Cat and Fiddle exterior

Cat and Fiddle was a home away from home for British ex-pats. This month it closed its doors, and writer James Bartlett was there until the end.

When he heard the news, rocker Morrissey wrote a blog post titled "The Earth dies screaming".

That might sound a little excessive for a boozer shutting its doors, but the transatlantic transplant was a regular at the Cat and Fiddle pub in Hollywood, a beloved British bastion.

It's barely 7pm on the last Saturday before its big gates close for the last time, and it's already standing-room only on the patio, a Spanish Mission-styled area akin to a town plaza that comes complete with a large fountain.

Clumps of bearded hipsters, families and a number of people with teacup dogs are all waiting for a plaza table - prime real estate - to open up. When someone stands up, not to leave but to yell a toast, "To the Cat and Fiddle!" he gets supportive cheers.

Among the crowd tonight are a number of bright red Santa Clauses - the SantaCon is taking place nearby.

"There were 200 in here earlier," says server Mel Karapetian, as she brings a Scotch egg, shepherd's pie and Welsh rarebit to our table, "and that was a bit crazy."

Image copyright Getty Images
Image caption The pub was host to premiere parties for British films like The World's End in 2013

Already well into the Christmas spirit is racily dressed Lindsey Robertson from Camarillo, who calls herself "Mrs. Santa's sister-in-law". She and her companion, Jose Avila, who is wearing a very sharp Santa suit more appropriate for a club than a sleigh, are regulars.

Avila lives "within stumbling distance" and proudly notes that he has a house account.

"This place is family to me," he says, calling the closure "heart breaking".

In October, the news of the pub's shuttering was greeted with online rage. There were rumours of conspiracy. When the smoke cleared, however, the explanation for the closure seemed simple yet damning - extensive building renovations and too-high rent.

Earlier in 2014 the Cat celebrated its 30th anniversary.

The bar's founder, Kim Gardner, died back in 2001, and his twin daughters Ashlee and Camille were now running the place with mum Paula still behind the scenes.

As the black and white pictures on the wall inside show, Gardner first came to the US as part of the "British Invasion". A childhood friend of Ronnie Wood, he played bass for the Birds, the Creation, the pre-Faces Quiet Melon, and Ashton, Gardner and Dyke, whose single "Resurrection Shuffle" was a hit in 1971.

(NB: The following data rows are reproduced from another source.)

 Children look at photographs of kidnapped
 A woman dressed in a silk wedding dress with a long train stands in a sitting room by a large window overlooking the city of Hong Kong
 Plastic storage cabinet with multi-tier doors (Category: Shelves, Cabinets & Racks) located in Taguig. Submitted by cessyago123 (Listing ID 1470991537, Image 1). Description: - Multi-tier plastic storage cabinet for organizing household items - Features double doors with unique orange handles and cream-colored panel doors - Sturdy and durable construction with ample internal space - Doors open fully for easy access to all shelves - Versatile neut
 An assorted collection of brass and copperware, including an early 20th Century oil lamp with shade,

He met vintage store owner Paula in New Orleans. She only came to Los Angeles once to visit him - and stayed. Frustrated at the lack of a British pub in his neighbourhood, and having little more than an idea and a name, Gardner opened up his own in Laurel Canyon in 1982.

Image copyright Valerie Macon
Image caption Anglophiles camped out at the pub to watch the 2011 royal wedding

"He called it after one of his favourite pubs in Hillingdon where he was brought up," says Ashlee, who added that the name was originally said to have been inspired by Catherine of Aragon, who was affectionately nicknamed "Catherine La Fidele" (the Faithful).

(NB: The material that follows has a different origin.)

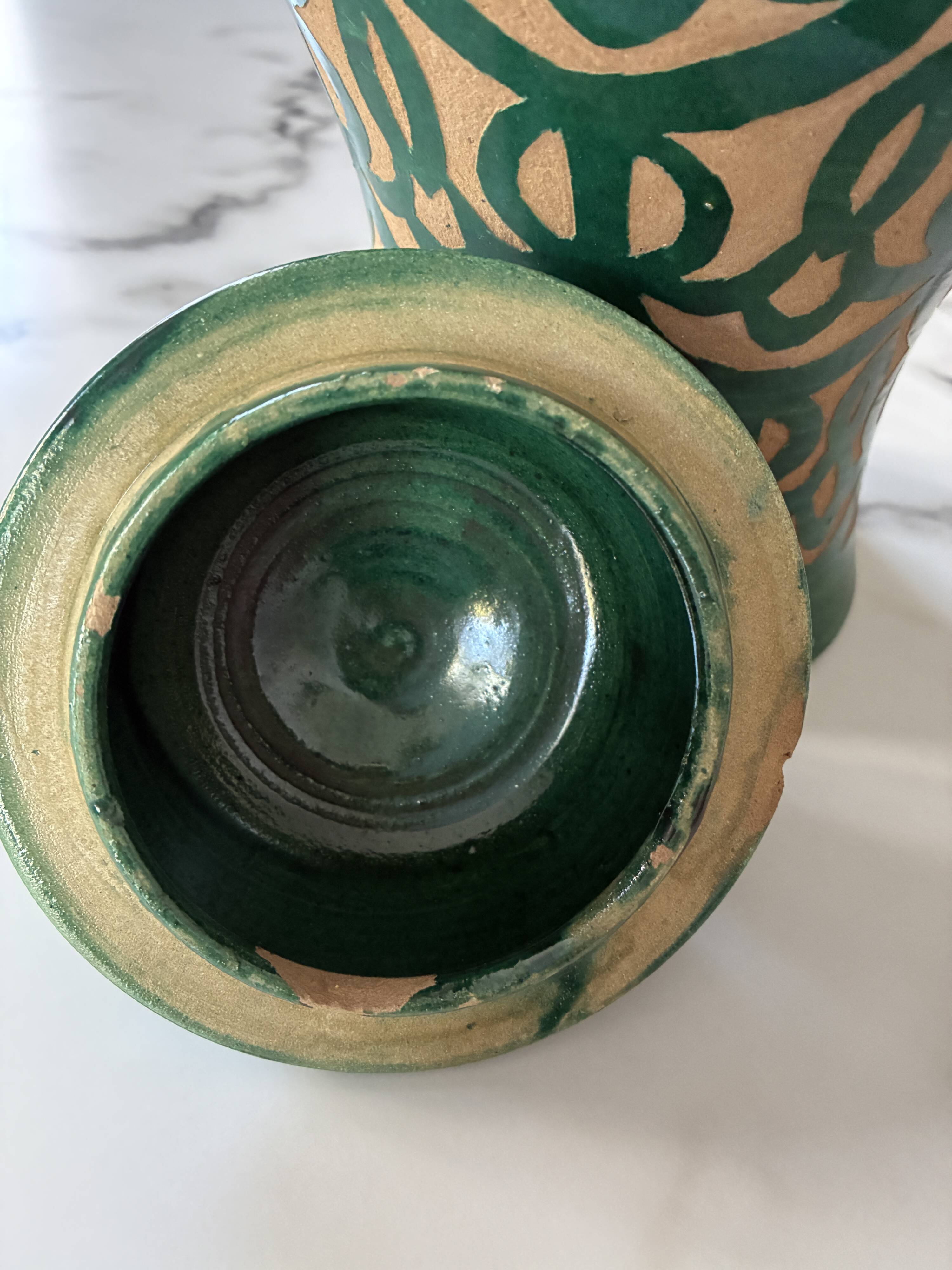 Sculpted terracotta pot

Too many raucous nights quickly meant they had to find a new place, and the two-storey Spanish-style Thomson Building on Sunset was perfect.

Built by a former TV cowboy star and divided into other units, it once was home to restaurants, a tea room and even a Tiki bar named Mauna Loa. The patio, however, was the star attraction. It was always a place for music - planned or impromptu - and back in the day the sociable Gardner often performed himself.

Image caption The outdoor patio was a big draw

Eric Clapton, Rod Stewart, Ronnie Lane, Wood and many others notable and not-so-notable were soon regulars. Drew Barrymore was a long-term visitor, too. More recently John Hamm and South Park's Matt Stone strolled in, and last year Noel Gallagher, Morrissey and a latte-sipping Russell Brand chummed up for a photo here.

Inside, the walls are predictably covered with English paraphernalia - pub trays, signs and bar towels, train timetable drapes, maps, a Union Jack flag and even some antique Vanity Fair sketches from the 1860s.

There are some dart boards in back, too - one of which a friend of Morrissey's has been dispatched to buy at the auction of furniture and fittings.

Image copyright Getty Images
Image caption The outdoor patio was one of the bar's main draws

On one of the last nights, a group of a dozen jacketed guys - and one woman - stride in. They're The Hive, a moped-loving group based in East LA, who have all just parked outside. One of their members is Marcus Baird, originally from Leeds but a resident here for 25 years.

He used to live in the ocean-adjacent Venice/Santa Monica area, home to several other Brit pubs.

"We came here today 'cos we knew it were closing down, but it's a great place to hang out, have a beer or two," he says.

Speaking just as a TV news crew turned up on Monday, the last night proper, Ashlee was upbeat - despite admitting that she's had to reschedule her March wedding, which was due to take place here.

"I was more or less born here," she said, "but we've moved before, back in 1982. We've got some of the old staff working tonight too, and though it's a bit emotional, it isn't the end."

She doesn't know who's going to be ringing the silver bell for last call, though. "It might be me, it might be my mom, my sister or the door guy, just like usual."